[Given entries — start]

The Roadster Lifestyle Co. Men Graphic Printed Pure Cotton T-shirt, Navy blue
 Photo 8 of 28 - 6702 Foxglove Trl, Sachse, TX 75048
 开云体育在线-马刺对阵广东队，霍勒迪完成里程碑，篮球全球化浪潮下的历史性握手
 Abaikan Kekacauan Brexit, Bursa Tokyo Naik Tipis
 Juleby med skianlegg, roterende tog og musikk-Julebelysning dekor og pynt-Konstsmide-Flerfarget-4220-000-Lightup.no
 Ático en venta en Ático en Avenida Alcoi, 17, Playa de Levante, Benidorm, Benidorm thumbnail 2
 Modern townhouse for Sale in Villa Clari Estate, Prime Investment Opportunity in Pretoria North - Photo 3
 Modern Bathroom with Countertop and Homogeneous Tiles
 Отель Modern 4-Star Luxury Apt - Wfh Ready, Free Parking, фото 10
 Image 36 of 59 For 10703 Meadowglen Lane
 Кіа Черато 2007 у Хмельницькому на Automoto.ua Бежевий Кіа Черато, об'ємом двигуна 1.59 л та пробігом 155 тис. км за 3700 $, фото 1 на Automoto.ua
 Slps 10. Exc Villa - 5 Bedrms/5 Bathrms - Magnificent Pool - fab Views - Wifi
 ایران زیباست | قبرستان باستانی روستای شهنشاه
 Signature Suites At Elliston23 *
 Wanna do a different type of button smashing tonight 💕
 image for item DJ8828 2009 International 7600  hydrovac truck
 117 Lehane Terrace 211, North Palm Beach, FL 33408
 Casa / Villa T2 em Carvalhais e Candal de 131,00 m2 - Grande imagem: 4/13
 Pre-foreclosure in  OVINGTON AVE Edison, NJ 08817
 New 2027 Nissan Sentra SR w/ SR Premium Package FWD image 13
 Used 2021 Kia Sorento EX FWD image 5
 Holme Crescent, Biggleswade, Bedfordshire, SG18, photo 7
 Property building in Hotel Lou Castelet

[Given entries — finish]

Task directions - Make a verbatim transcription of all the material.

Written solution -
The Roadster Lifestyle Co. Men Graphic Printed Pure Cotton T-shirt, Navy blue
 Photo 8 of 28 - 6702 Foxglove Trl, Sachse, TX 75048
 开云体育在线-马刺对阵广东队，霍勒迪完成里程碑，篮球全球化浪潮下的历史性握手
 Abaikan Kekacauan Brexit, Bursa Tokyo Naik Tipis
 Juleby med skianlegg, roterende tog og musikk-Julebelysning dekor og pynt-Konstsmide-Flerfarget-4220-000-Lightup.no
 Ático en venta en Ático en Avenida Alcoi, 17, Playa de Levante, Benidorm, Benidorm thumbnail 2
 Modern townhouse for Sale in Villa Clari Estate, Prime Investment Opportunity in Pretoria North - Photo 3
 Modern Bathroom with Countertop and Homogeneous Tiles
 Отель Modern 4-Star Luxury Apt - Wfh Ready, Free Parking, фото 10
 Image 36 of 59 For 10703 Meadowglen Lane
 Кіа Черато 2007 у Хмельницькому на Automoto.ua Бежевий Кіа Черато, об'ємом двигуна 1.59 л та пробігом 155 тис. км за 3700 $, фото 1 на Automoto.ua
 Slps 10. Exc Villa - 5 Bedrms/5 Bathrms - Magnificent Pool - fab Views - Wifi
 ایران زیباست | قبرستان باستانی روستای شهنشاه
 Signature Suites At Elliston23 *
 Wanna do a different type of button smashing tonight 💕
 image for item DJ8828 2009 International 7600  hydrovac truck
 117 Lehane Terrace 211, North Palm Beach, FL 33408
 Casa / Villa T2 em Carvalhais e Candal de 131,00 m2 - Grande imagem: 4/13
 Pre-foreclosure in  OVINGTON AVE Edison, NJ 08817
 New 2027 Nissan Sentra SR w/ SR Premium Package FWD image 13
 Used 2021 Kia Sorento EX FWD image 5
 Holme Crescent, Biggleswade, Bedfordshire, SG18, photo 7
 Property building in Hotel Lou Castelet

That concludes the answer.